When Julian arrived in 2006 with his partner, architect Patrick McGrew, he found a community so entrenched that it had its own diversity. Down the street from his house, one boutique was marketed to drag queens and another to "bears," a subculture of gay men who are typically masculine, stocky and hairy.
In Warm Sands alone there were 11 "clothing optional" gay resorts. City Hall paused to care only when tallying up the half-million dollars in occupancy tax revenue the resorts generated each year.
"I fell in love with it immediately," Julian said.
There was one thing missing, Julian decided. He set out to write a book that would do for Palm Springs what "Midnight in the Garden of Good and Evil" did for Savannah, Ga. -- tell its story with an eye toward intrigue and a whiff of scandal.
"It was never meant to be taken personally," Julian said.
But it would be.
The old Hollywood types who declared Palm Springs their "backyard" passed on long ago. Today's glitterati, by and large, are drawn elsewhere in the valley: to Palm Desert's El Paseo, the "Rodeo Drive of the Desert;" to the Bentley dealer in Rancho Mirage.
The increasingly gay community filling the void in Palm Springs represents a remarkable reinvention. Its success has required a complicated two-step.
On one hand, the gay community has been folded into the mainstream through political and commercial success. There have been two consecutive gay mayors; there is a gay majority on the City Council. There are scores of gay-owned businesses, many aimed at older gay couples who have settled here.
On the other hand, the city remains a frisky and playful place. One publication has rated resorts according to their "sexual temperature."
It is a balancing act, conducted with one guiding principle: Do not judge.

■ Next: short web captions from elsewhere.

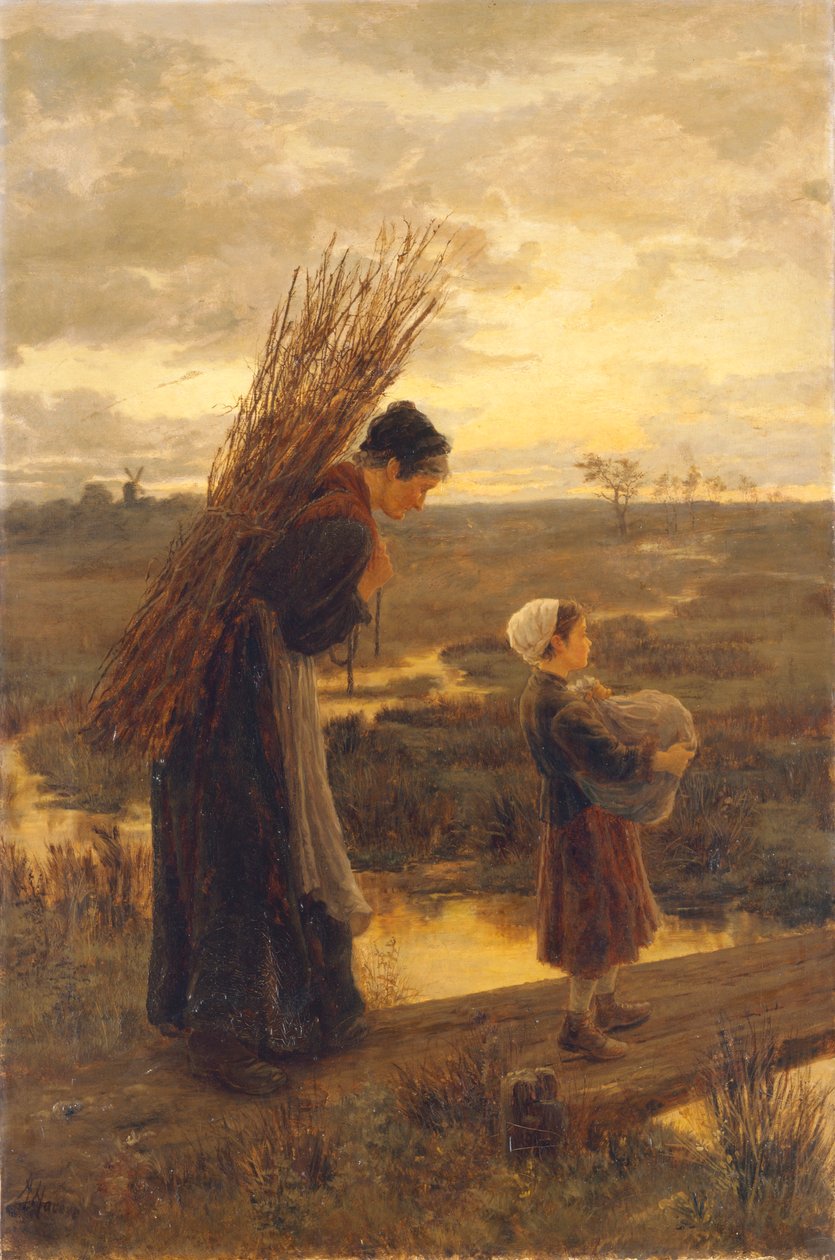 "De gick sin trötta väg hemåt", 1870-1890 av Alice Mary Morgan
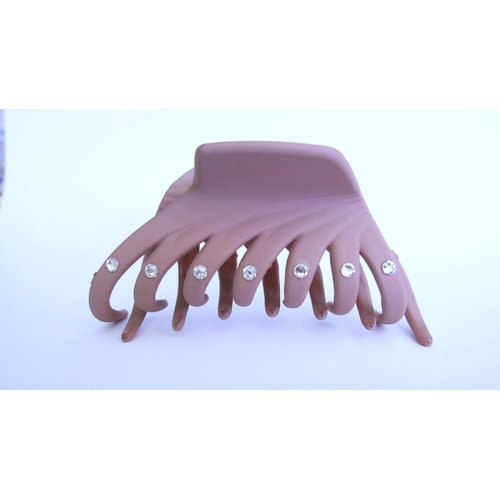 Mauve lavender hair claw clip with crystals for fine thin hair (Crystal choice: With crystals)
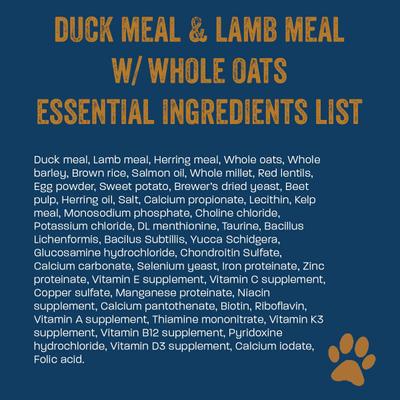 Show full view: Team Dog Duck Meal & Lamb Meal 26/20 Essential Blend Dry Dog Food, 33-lb bag slide 3 of 10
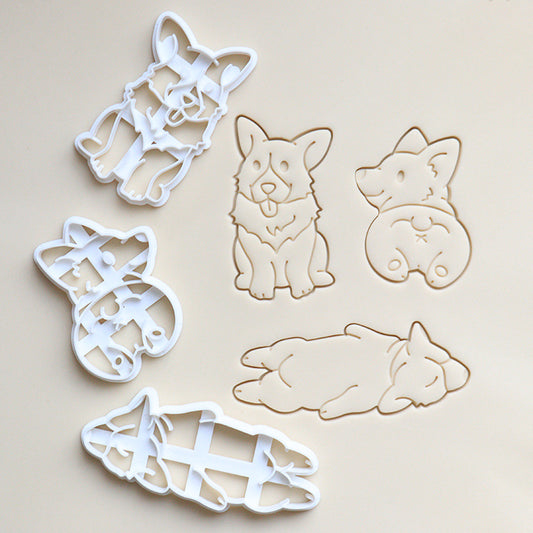 Cookie Play Dough Shape Stencil Corgi Dog Pack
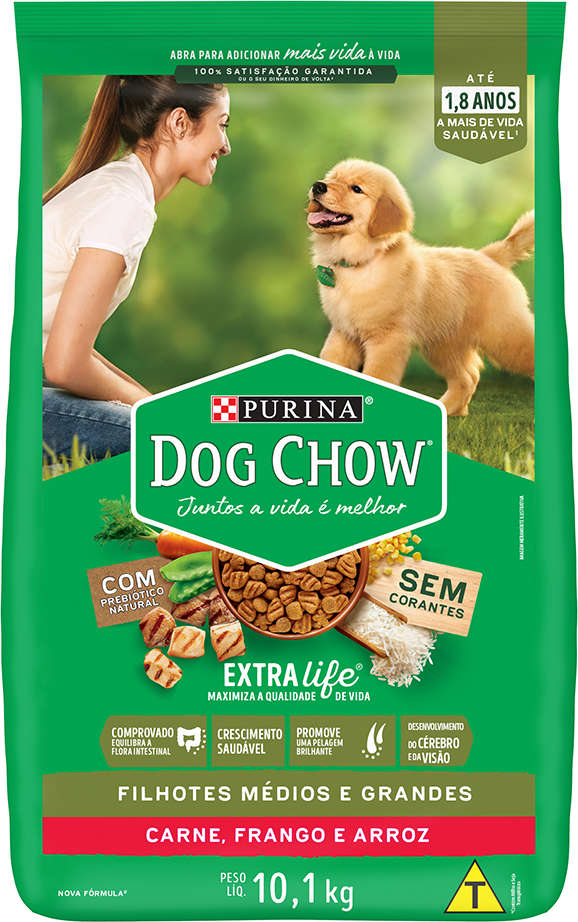 Ração Seca Nestlé Purina Dog Chow Extra Life Carne, Frango e Arroz Cães Filhotes Todas as Raças - 10,1Kg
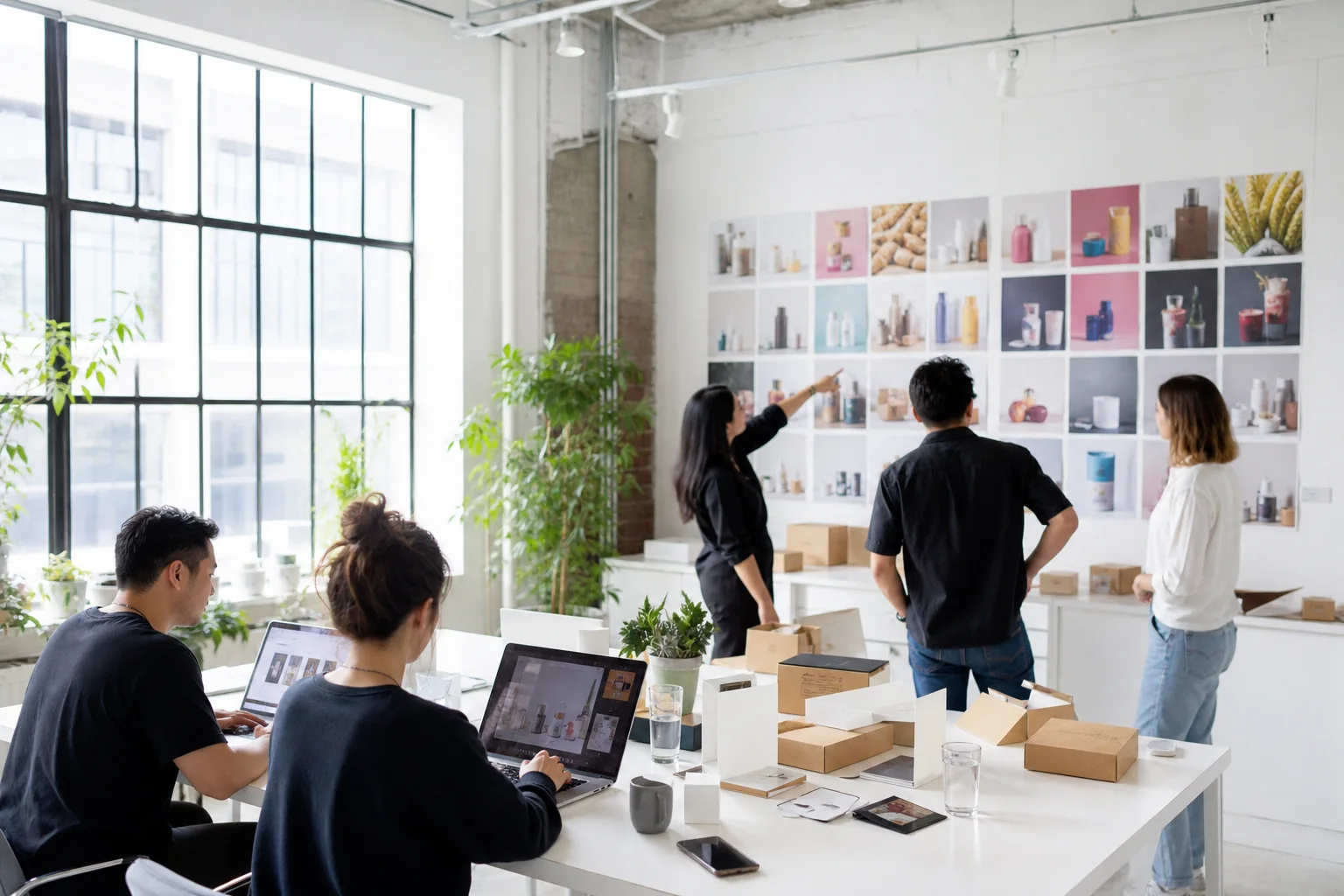 Product team reviewing B2B commerce concepts in a bright loft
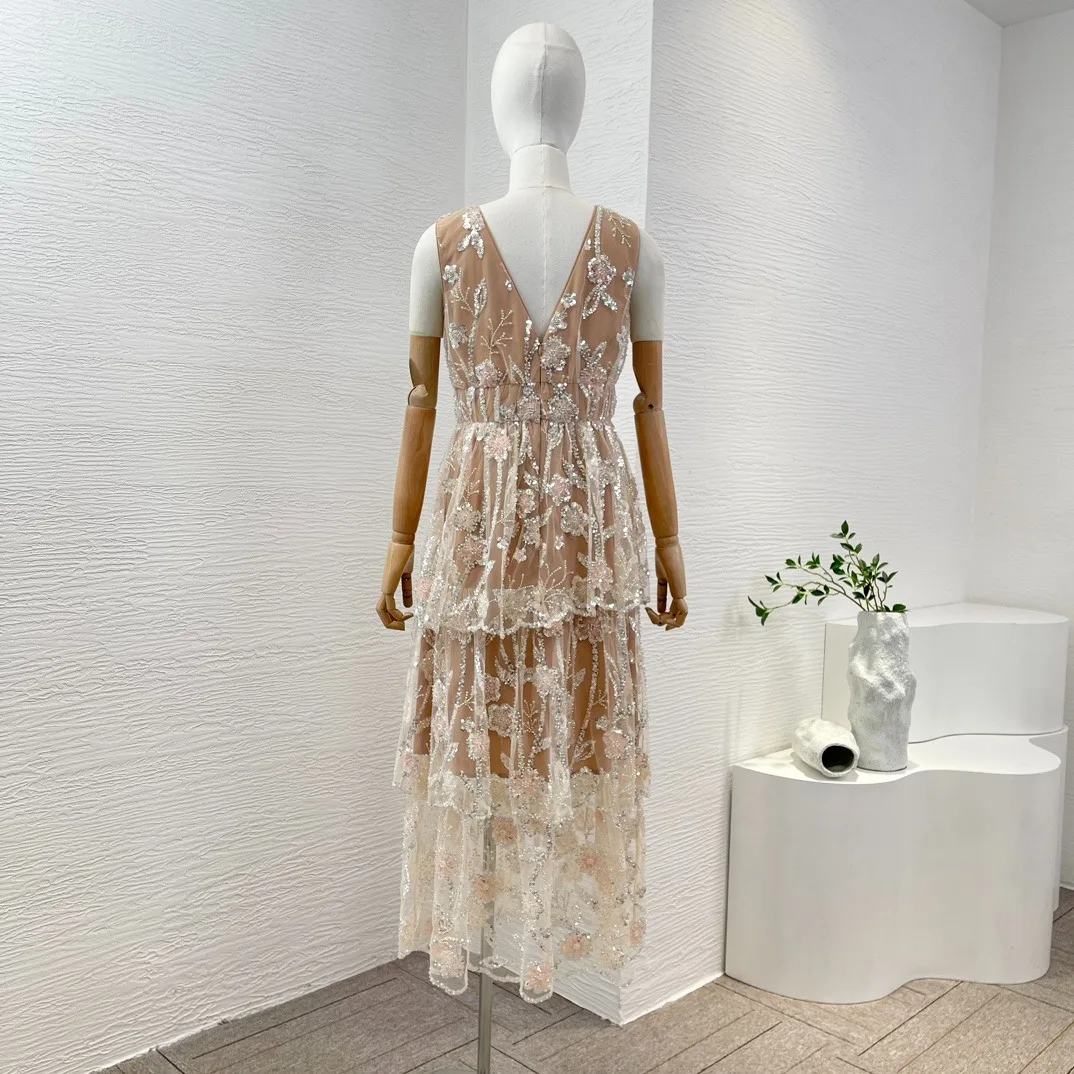 Nude Floral Embroidery Shining Sequined Sleeveless V-Neck Stacked Ruched Midi Dress 2024 New Arrivial Spring Summer Clothes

"What's the old quote?" asked Scott Brassart, 42, a local writer and former editor at Alyson Books, which publishes works of interest to the gay community. " 'I don't care what you do; just don't do it in the street and frighten the horses.' That's the attitude here."
Robert julian had been many things over the course of his life: Realtor, writer, stage actor. By 2006, after 31 years in San Francisco, he was eager for a fresh start. The desert, he knew, was a fine place for reinvention.
"There was a certain serenity to it," said Julian, who was born Robert Stone but has adopted his middle name as his last.
He dived in, working tirelessly to get a 16-foot-high, looping modern sculpture called "Jungle Red" installed at the entrance to Warm Sands -- a piece of roadway that previously, he said, "had a certain prison yard je ne sais quoi."
Julian was named to the city's public art commission. He was cast in one-act plays that were the inaugural performances at the Thorny Theater, a gay theater. He became a junior celebrity; a few people even recognized him in the grocery store.